In order for Billy or Walter to make decisions based on Theta, they must first understand the mechanics behind an option's premium. An option's premium is the sum of it's time value and its intrinsic value, or that Premium = Time Value + Intrinsic value, where time value is function of how much time is let until expiration and intrinsic value is how much the option is worth at the moment. Taken further, for a call option: Intrinsic Value = Underlying Stock Price - Strike Price; for a put option: Intrinsic Value = Strike Price - Underlying Stock Price. An option is considered "in-the-money" when its intrinsic value is greater than zero, "out-of-the-money" when the intrinsic value is less than zero, and "at-the-money" when intrinsic value equals zero. As previously mentioned, time-til-expiration is vital because it allows the option more time to become in-the-money. Therefore, if an option has high Theta, then Billy and Walter know that the value of the option is highly correlated to time-til-expiration, since time works against Billy and in favor of Walter.
Vega ($latex \nu$)
Okay, so Vega isn't actually Greek (well, except that it's actually nu...but yeah), the world puts it into the basket of Greeks anyway, so here it is (sorry?). Vega (which is actually a star) is a measure of an option's price in relation to implied volatility; that is: the increase or decrease in the option price as implied volatility increases or decreases by 1%, respectively. As the saying goes: "rising tide raises all ships," well so does volatility: when volatility increases both calls and puts increase in value.

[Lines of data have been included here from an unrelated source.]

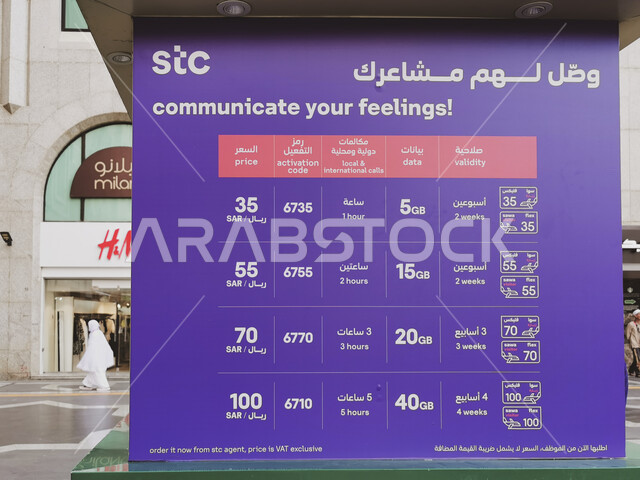 شركة الإتصالات السعودية إس تي سي، توفير خدمات الشحن مسبق الدفع لزوار المسجد النبوي في المدينة المنورة، صورة مقربة لكشك تحويل الرصيد، مقصد المسلمين من مختلف البلدان، معالم اسلامية دينية في المملكة العربية السعودية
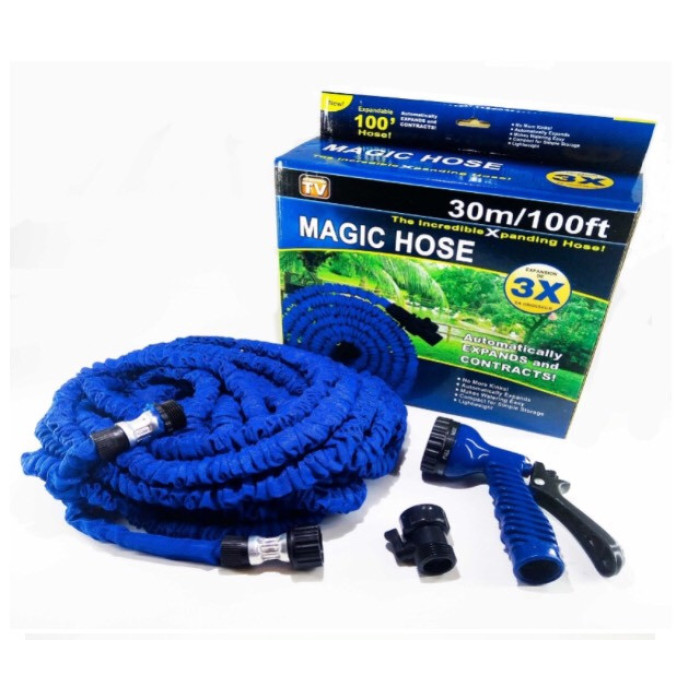 Шланг поливальний розтягувальний X HOSE 30m 100FT Steel (30 шт./ясть)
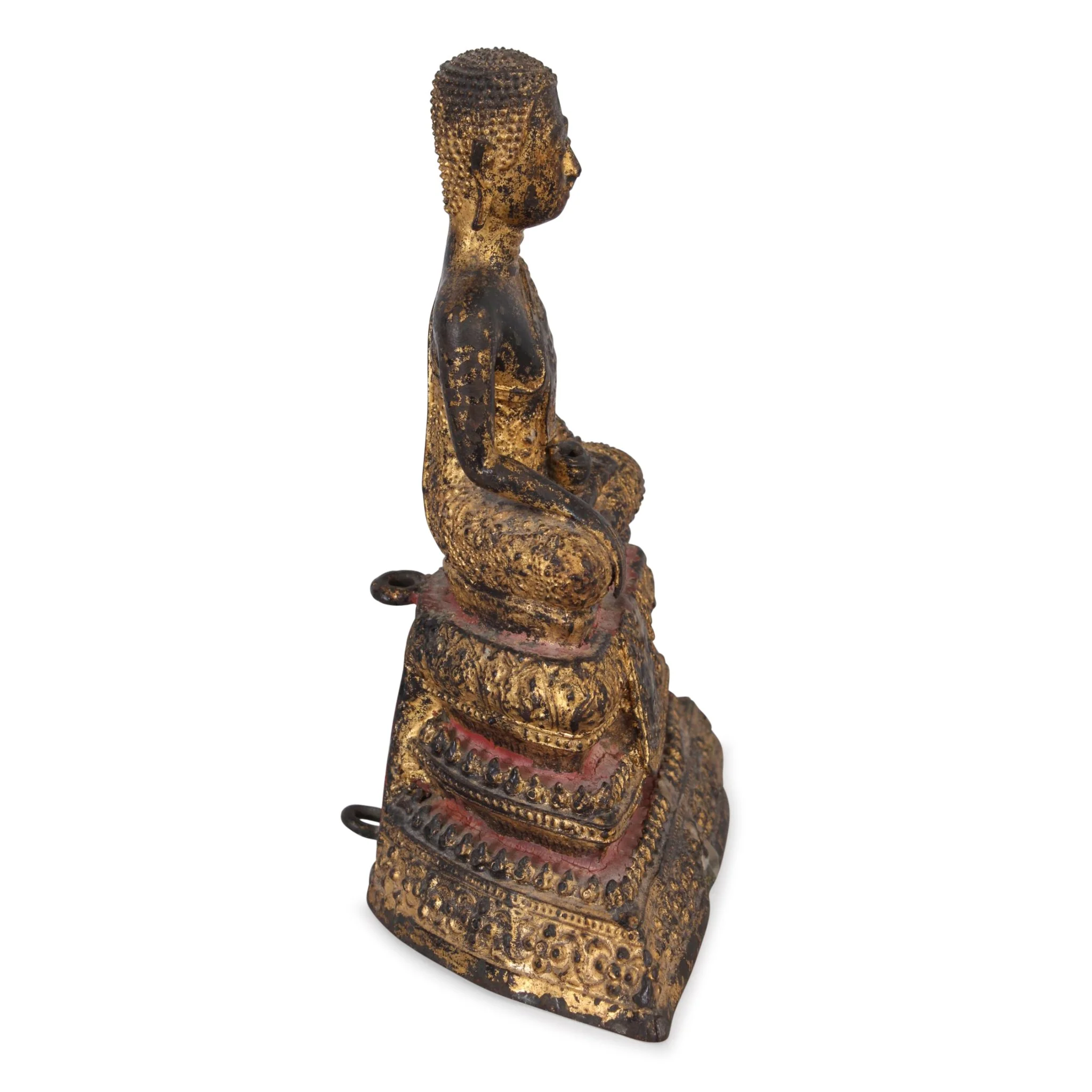 Thai Gilt Bronze Monk  Statue - Ratnakosin Style - 19thC - Image 5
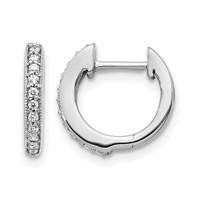 14K White Gold 0.12 Carat Lab Grown Diamond VS SI+ G+ Complete Hinged Hoop Earrings view 1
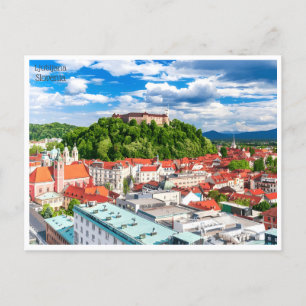 Postal retro de viajes vintage Ljubljana Eslovenia Slovén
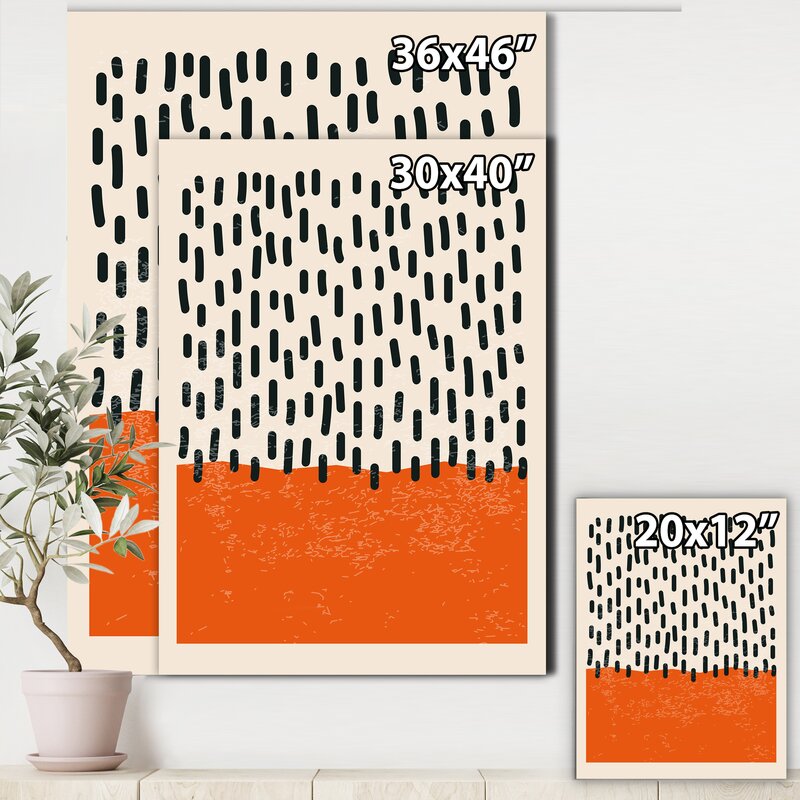Abstract Geometric Oil Painting with Bold Orange and Black Patterns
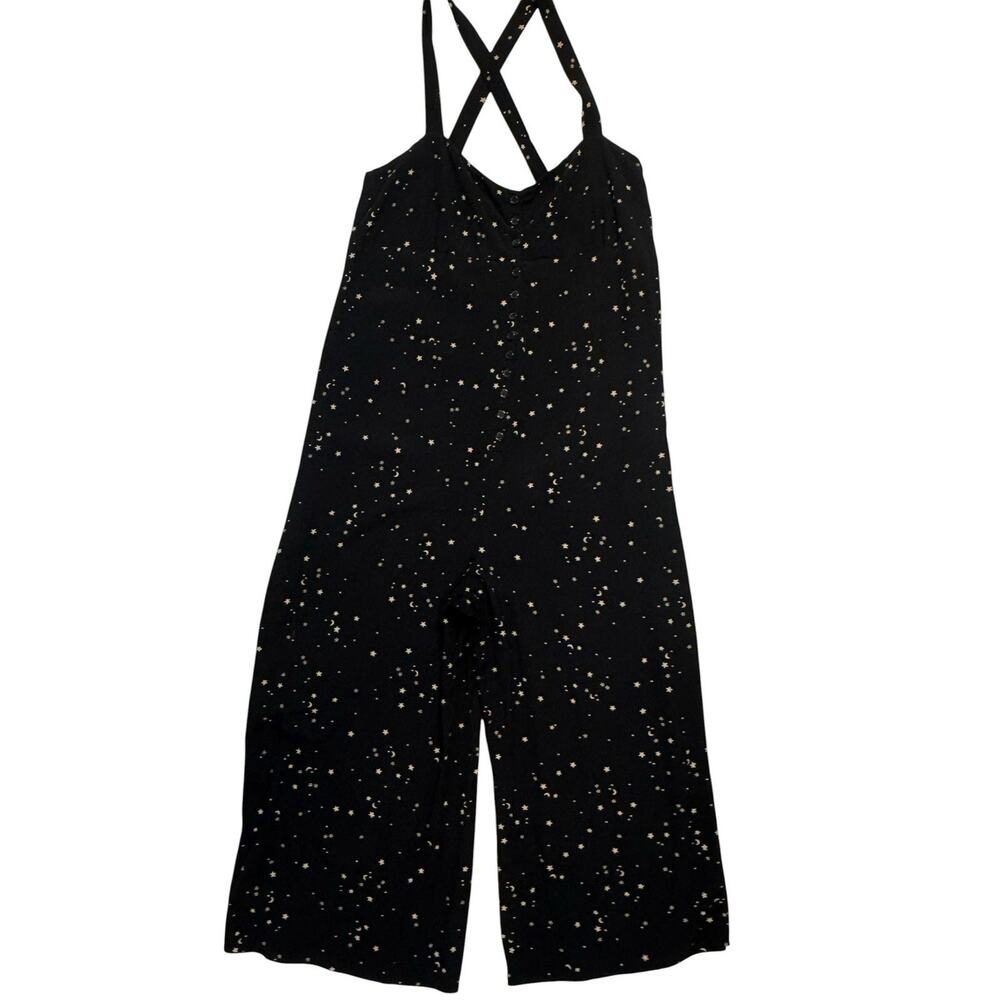 Nobodys Child Celestial Jumpsuit Size 12 Black Stars Moon Sleeveless Wide Leg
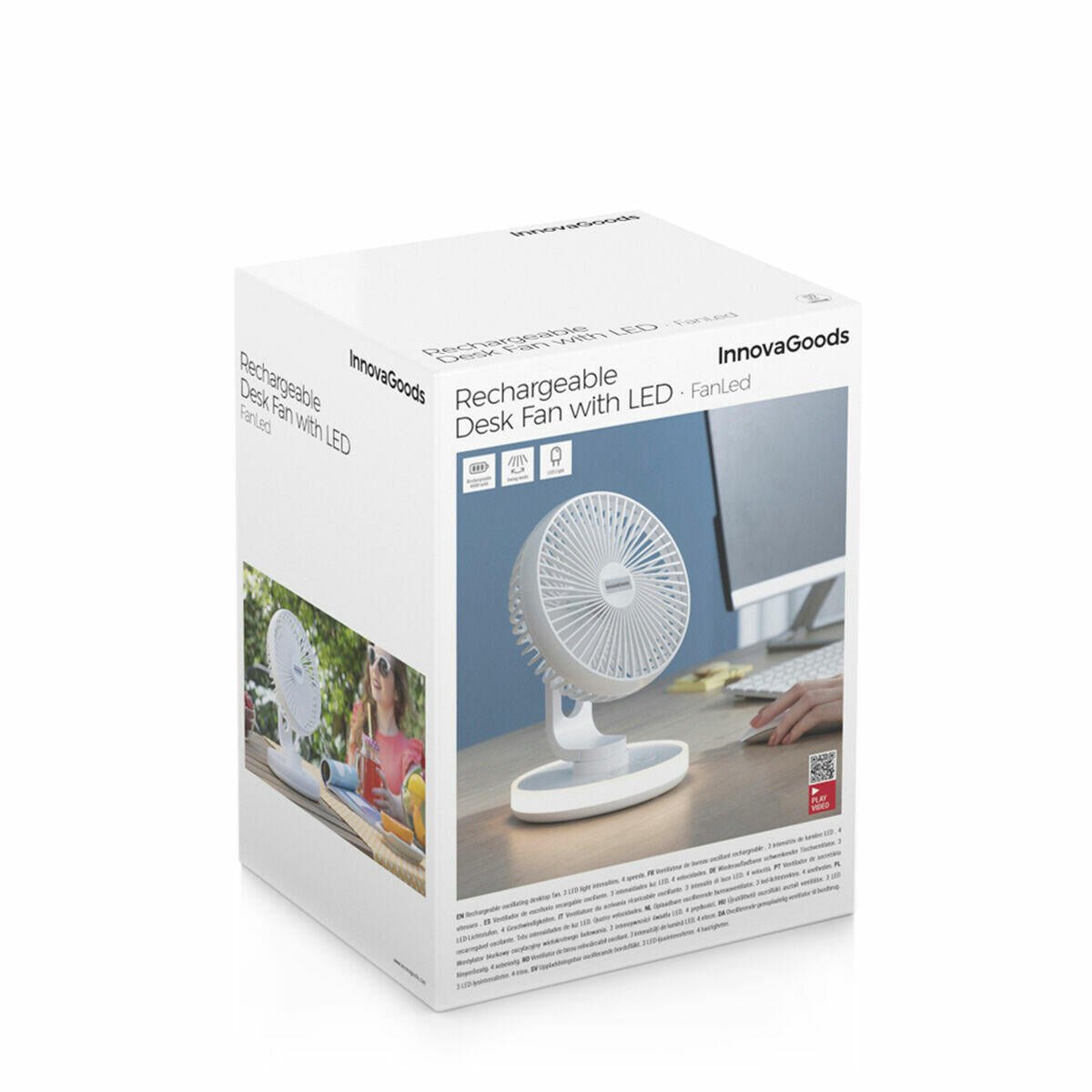 Ventilador de Escritorio Recargable con Luz LED – Silencioso, Portátil y Oscilante - innovagizmo.com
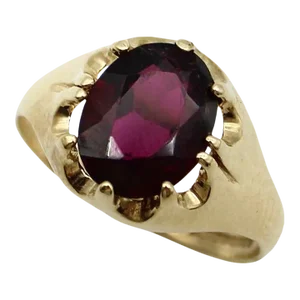 Vintage 9K Gold Rhodolite Garnet Ring with Belcher Setting Size 7.5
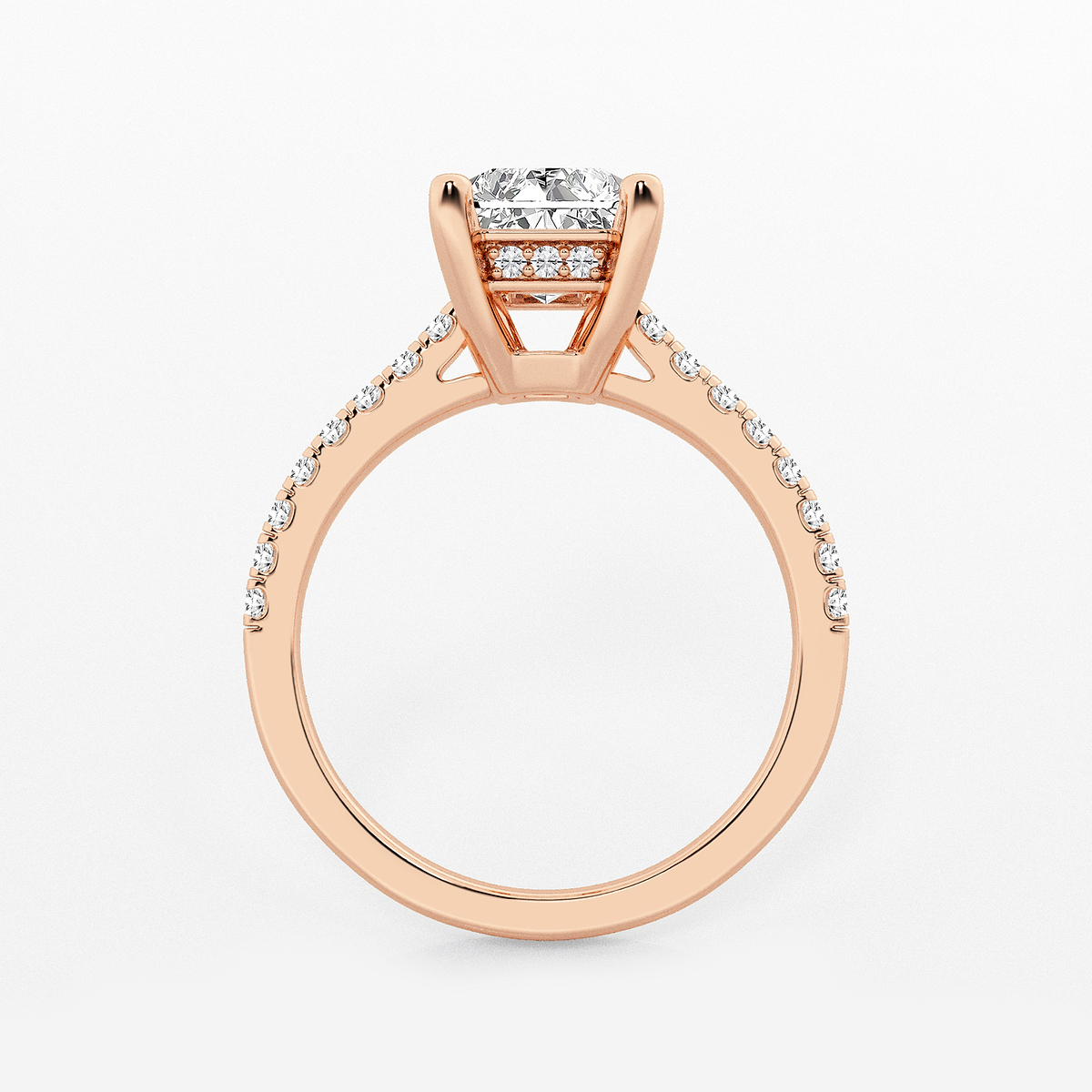 Additional Image 1 for  2 3/4 ctw Radiant Lab Grown Diamond Hidden Halo Engagement Ring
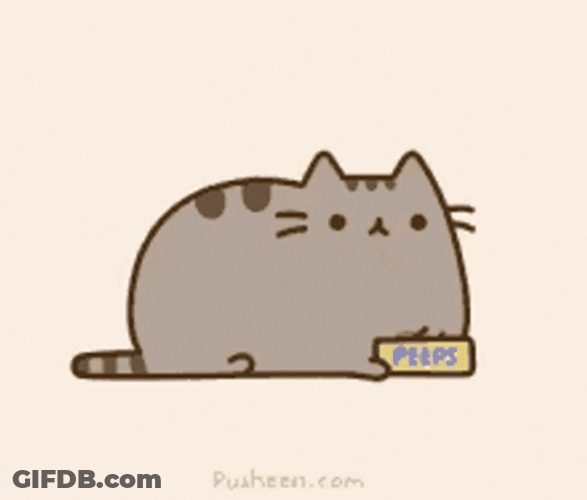 Pusheen Cat Eating On Bowl GIF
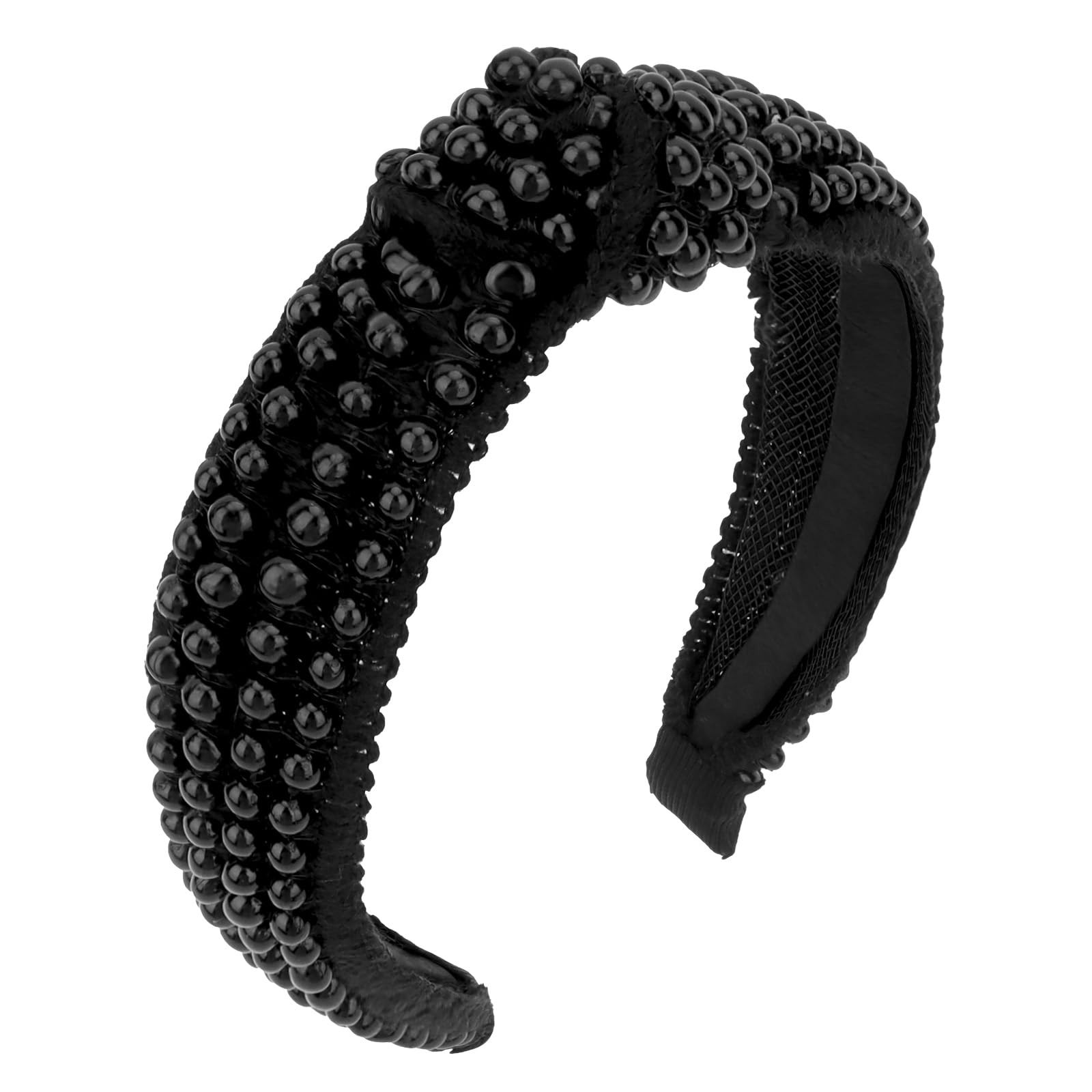 Black Pearl Knotted Headband Beaded Head bands Wide Headbands for women Non S…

This is especially true when considering a long straddle (which we will go into more depth in a future piece), which is in the money when the underlying price changes to a large degree. Intuitively, Billy wants the price to fluctuate to a large degree (in one way or another) since he will benefit only when the option is in the money. Walter, on the other hand, wants the stock price to stay relatively stable so that it doesn't cross the threshold to in-the-money.
Rho ($latex \rho$)
Rho is sort of the ugly stepchild of the Greeks: most don't care about it very much because it isn't widely relevant since it is the change in price given a 1% change in interest rates, which can be by the market demand or by the Federal Open Market Committee (the Fed). For those of you paying attention to the Fed, you know that an interest rate hike is in the cards (if you know when, please please let us know), so Rho isn't all that bad right now. From a pricing standpoint, bullish options are positively correlated to interest rates, while bearish options are inversely related. That is to say, if Billy owns his December call, which has $latex \rho=.01$, and interest rates increase by 1%, he will see the value increase to $3.05. Illustrated in this example, however, is the fact that an option is less sensitive to a change in interest than a change in underlying price or time-til-expiration, it has a small effect on the price.
So there you have it, all the Greeks in a row, but how do they come together for a comprehensive, butt-kicking options strategy for Billy or Walter? Well, it will take some clever strategies to successfully utilize their knowledge of the Greeks, but before we dive into those, take some time to really understand what each of these mean--it will pay dividends when executing a strategy (see what I did there?).